Just want to start out by congratulating my friend Crystal, who got married on Saturday. It turned out to be a mini-high school reunion, which was pretty cool. But the wedding was beautiful, and now the happy couple is jetting off to Hawaii for their honeymoon! Best of luck to you both!
Despite being a busy weekend, I did find time to do a lot of cooking. Only, most of the cooking wasn't for us. It was for my dad and siblings. My dad owns his own business (and us kids are/were his 'employees') and summer is the busiest time of year. Because of that, they often don't have time to make meals for themselves as they're running around like crazy. So when my dad asked me to make a few casseroles and bring them up Saturday, I jumped at the chance. First, it was a good opportunity to help them out; but second, it was also a chance to try out a new casserole recipe.

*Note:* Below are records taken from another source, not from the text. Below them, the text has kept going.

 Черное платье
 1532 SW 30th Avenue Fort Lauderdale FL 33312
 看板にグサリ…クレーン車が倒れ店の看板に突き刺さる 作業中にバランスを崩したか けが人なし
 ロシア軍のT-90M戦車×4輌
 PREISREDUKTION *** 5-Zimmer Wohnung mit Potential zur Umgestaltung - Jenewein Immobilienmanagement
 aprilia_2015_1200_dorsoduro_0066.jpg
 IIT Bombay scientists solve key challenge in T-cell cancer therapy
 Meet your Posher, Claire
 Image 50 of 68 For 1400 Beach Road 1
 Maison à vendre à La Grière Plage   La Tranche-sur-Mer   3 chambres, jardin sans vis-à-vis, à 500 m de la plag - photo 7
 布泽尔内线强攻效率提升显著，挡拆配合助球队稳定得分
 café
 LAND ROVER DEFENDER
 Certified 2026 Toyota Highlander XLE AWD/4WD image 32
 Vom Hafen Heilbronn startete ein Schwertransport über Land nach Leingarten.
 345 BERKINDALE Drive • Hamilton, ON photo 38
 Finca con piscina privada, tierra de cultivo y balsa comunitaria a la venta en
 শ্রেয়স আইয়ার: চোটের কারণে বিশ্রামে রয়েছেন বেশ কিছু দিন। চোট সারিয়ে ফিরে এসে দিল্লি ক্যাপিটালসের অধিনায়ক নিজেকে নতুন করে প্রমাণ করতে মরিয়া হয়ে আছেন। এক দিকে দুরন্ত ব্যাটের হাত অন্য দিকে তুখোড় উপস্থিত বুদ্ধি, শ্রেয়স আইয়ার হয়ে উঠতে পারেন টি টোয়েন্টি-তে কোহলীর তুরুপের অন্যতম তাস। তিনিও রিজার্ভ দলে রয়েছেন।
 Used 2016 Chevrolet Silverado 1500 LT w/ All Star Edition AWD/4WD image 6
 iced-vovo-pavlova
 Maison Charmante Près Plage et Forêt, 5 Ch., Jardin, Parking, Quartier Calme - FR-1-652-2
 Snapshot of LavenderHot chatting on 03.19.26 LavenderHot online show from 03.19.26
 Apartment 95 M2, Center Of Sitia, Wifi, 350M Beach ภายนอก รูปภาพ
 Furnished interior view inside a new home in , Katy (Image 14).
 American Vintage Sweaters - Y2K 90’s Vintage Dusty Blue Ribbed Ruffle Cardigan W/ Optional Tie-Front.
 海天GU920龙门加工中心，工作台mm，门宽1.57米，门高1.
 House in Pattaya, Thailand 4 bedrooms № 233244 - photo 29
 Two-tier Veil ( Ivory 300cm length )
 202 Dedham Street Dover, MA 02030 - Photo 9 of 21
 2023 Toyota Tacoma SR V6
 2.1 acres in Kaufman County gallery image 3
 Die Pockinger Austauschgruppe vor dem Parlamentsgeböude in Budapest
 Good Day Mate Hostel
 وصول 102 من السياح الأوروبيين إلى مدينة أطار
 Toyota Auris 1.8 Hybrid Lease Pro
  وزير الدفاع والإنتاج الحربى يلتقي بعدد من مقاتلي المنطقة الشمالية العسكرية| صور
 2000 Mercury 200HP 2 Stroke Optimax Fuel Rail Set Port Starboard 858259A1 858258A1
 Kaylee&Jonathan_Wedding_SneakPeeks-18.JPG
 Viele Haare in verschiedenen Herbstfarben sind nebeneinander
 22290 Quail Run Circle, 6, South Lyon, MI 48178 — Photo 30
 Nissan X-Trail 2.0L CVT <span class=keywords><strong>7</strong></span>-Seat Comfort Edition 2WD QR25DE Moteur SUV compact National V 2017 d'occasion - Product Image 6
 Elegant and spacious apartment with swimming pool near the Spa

I'm sad to say I didn't have the time or ambition to take any pictures of the two dinners I made. But from the multiple texts I received around dinner time after delivering the goods, it seems as though both were a great success. The two dishes I made? Shepherd's pie (my own recipe), and Chicken Divan from Dinners for a Year and Beyond (GREAT blog, love her recipes).
I had some leftover uncooked hamburger after making the Shepherd's Pie, and I knew I wanted to make something Mexican out of it. Luckily, I had printed off a recipe for Taco Stuffed Shells from Artichokes and Garlic blog a few months ago. The concept is genius, and after the yummy success of my other stuffed shells, I knew these would be super good too.
I did make a few modifications to the recipe (who doesn't, right?), and the resulting meal was super good! I especially liked the idea of the cream cheese mixed in with the meat; it bound the mixture together and added a nice tang to the filling. I will definitely make these again!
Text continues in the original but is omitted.